Being afraid of the dentist is a common fear. Knowing that does not make me any less afraid.
And when I say afraid, I mean the clenched fists, sweaty armpits, anxiety attack kind of fear. My teeth hit their decline when I got pregnant. I guess those prenatal vitamins weren’t enough for my sixteen-year-old body. That’s right, I said sixteen. Prior to that, my perfect white teeth had been free of cavities (and soda, and caffeine, and smoking). Following that was a downward spiral of introducing my teeth to evil acidic drinks and the occasional cigarette coupled with what seemed to be a never-ending stream of cavities.

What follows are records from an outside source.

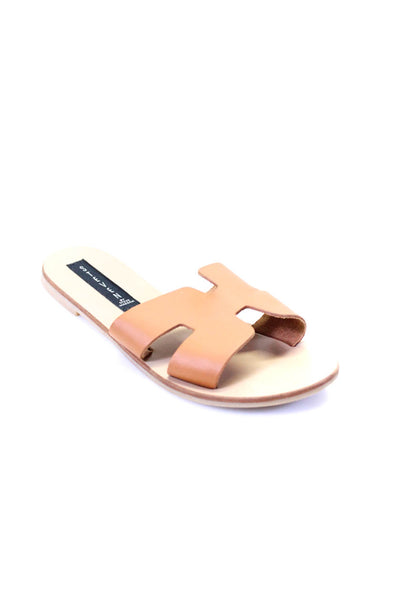 Steven By Steve Madden Womens Leather Cutout Flat Slides Sandals Brown Size7.5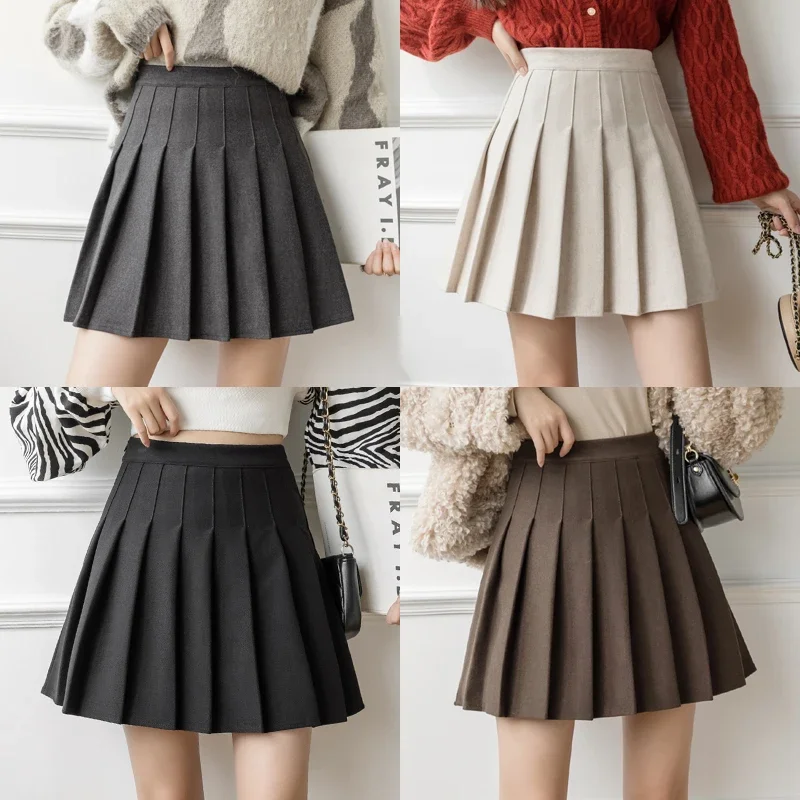 Autumn Winter Woolen Mini Pleated Skirts Women High Waist Loose A-Line Short Skirt Kawaii School Skater Falda Plisada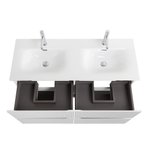 Тумба с раковиной подвесная BelBagno UNO-1200-4C-SO-BO Bianco Opaco, раковина белая BB-8099-120-2 с 2-я чашами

It all leads up to me today. Thirty-years-old, five crowns, a million fillings, and a bad habit of grinding my teeth. I also ended up with a crippling fear of dentists. In fact, I will only see one dentist, DR. WRONG. Okay that’s not his name. It’s Dr. Rong. And he has a lisp, like that kid from The Music Man. But he is the nicest guy ever. He always remembers to not give me lidocaine with epinephrine to numb my mouth (which increases my heart rate sending me into anxiety hell). And he pats my shoulder and speaks to me like the big baby I am. Which is exactly what I need.
Why am I afraid of the dentist? There are many reasons. The sound of grinding down my teeth for crowns. The pain of one dentist who decided to drill a cavity with no local anesthetic. The memory of having my gums deep cleaned. (I don’t remember what they call it but that really effin hurt the next day.) When every time you go in to the dentist despite all of the brushing, flossing, and mouth washing, you are shown a new problem (that will hurt to be fixed) … you really start to dread it. Then you get anxious. And anxiety can become irrational and overwhelming. And then you do what us smart people do. You don’t stop going. You get drugs.
Sure, there some people who will tell you to use breathing techniques and visualization to relax. I use my iPod so I don’t have to here the sound of the drill. But my iPod won’t unclench my fingers from the arm of the dental chair. Nor will it mop up the sweat from my back while I lay there panicking. Some drugs can help me with that. I paid for the gas once. But it requires that you breathe only through a mask on your nose, which may not be a good choice if your are claustrophobic. This time I got a prescription for Klonopin. I have to have a crown redone. Usually I am all about just saying no, but this time I’m saying yes. Because I think that most of take for granted that we can chew our food. But I don’t. Every day I am so glad I can eat without having dentures just yet. And that’s the only reason I keep going back.